Companies that contribute to open source can gain a competitive advantage - ingve
https://hbswk.hbs.edu/item/the-hidden-benefit-of-giving-back-to-open-source-software
======
ThrustVectoring
There's a very real business reason to make certain goods cheaper, even at
your own expense. "Commoditize your complements" is the short catchphrase for
some of this.

The short explanation is that when something is cheap, demand for
complimentary goods goes up. For example, when the software for managing cloud
deployments gets lower (in a total cost of ownership sense, not just sticker
price), then demand for cloud computing goes up. Google has both Kubernetes as
an open-source project and Google Cloud Compute as a revenue-producing
product.

Really good blog post that explains this in further detail:
[https://www.joelonsoftware.com/2002/06/12/strategy-
letter-v/](https://www.joelonsoftware.com/2002/06/12/strategy-letter-v/)

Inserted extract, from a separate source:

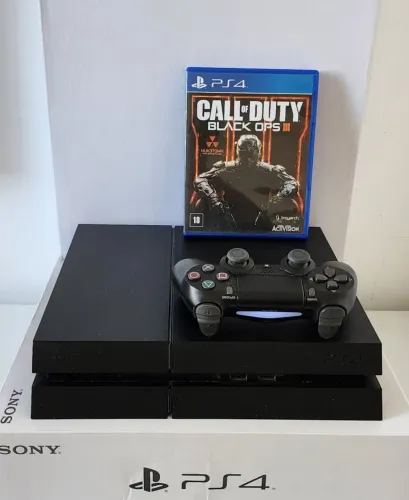 PS4 500GB + Call of Duty + GARANTIA! Temos LOJA FÍSICA!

There's another reason to do open-source, and that's to get your future hires
pre-trained on some of your internal tools and frameworks. If Go or Angular
were internal-only things, Google wouldn't be as able to hire engineers with
experience in Go or Angular.

------
duxup
Is it possible that the folks who contribute are just inherently more
passionate / have more experience (already participating outside of work) than
those who don't contribute?

Not to say I think the article's premise is necessarily "wrong" just wondering
if folks who contribute just are more likely to have some aspects that benefit
their employer.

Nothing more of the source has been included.